Final Answer: The probability that the card is neither a king nor a queen is 11/13.

Tips & Tricks

Mastering probability involves recognizing patterns and choosing the quickest path to the solution. Here are some shortcuts.

Technique	Description
The 'NOT' Shortcut	Whenever a question asks for the probability of something not happening, or "at least one", immediately think of the complement rule: `P(not E) = 1 - P(E)`.
Card Deck Facts	Memorize the structure of a 52-card deck: 4 suits, 13 ranks, 2 colours (26 cards each), 12 face cards (J,Q,K), 4 of each rank (e.g., four Aces). This saves counting time.
Mutually Exclusive 'OR'	For events that cannot happen together (e.g., a card being a King or a Queen), you can find the favourable outcomes by simply adding them: `n(King or Queen) = n(King) + n(Queen)`.

Common Mistakes

Many students lose marks not because the concept is hard, but due to small oversights. Here are some common pitfalls to avoid.

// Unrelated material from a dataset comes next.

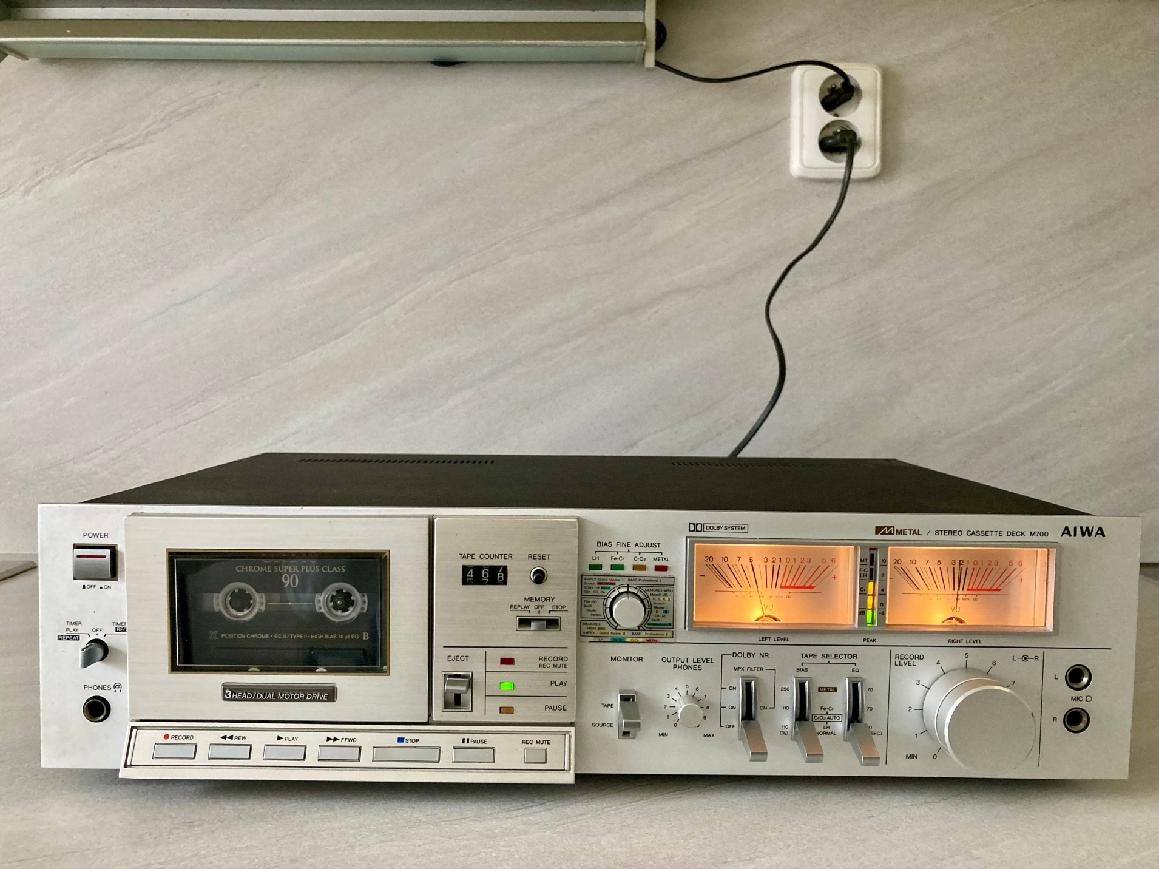 Aiwa M 700 - 3 head TOP - 4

❌ Wrong Approach	✅ Right Approach
Forgetting to simplify the final fraction. For example, leaving the answer as `13/52`.	Always reduce the fraction to its simplest form. `13/52` should be written as `1/4`.
Miscounting face cards. A common error is including the Ace as a face card.	The face cards are only the Jack (J), Queen (Q), and King (K). There are 3 face cards per suit, for a total of 12 in the deck. Aces are not face cards.
Assuming jokers are included in a "standard deck". Writing `n(S) = 54`.	Unless specified, a "standard deck" always refers to the 52 cards without jokers. The total outcomes `n(S)` should be 52.
Calculating a complex probability directly, like P(neither an ace nor a spade).	Use complements or set theory principles (if known). It's often easier to find P(ace or spade) and subtract it from 1. (This is a more advanced topic).

Brain-Teaser Questions

Ready to test your skills? These questions require you to apply the concepts in slightly unfamiliar ways.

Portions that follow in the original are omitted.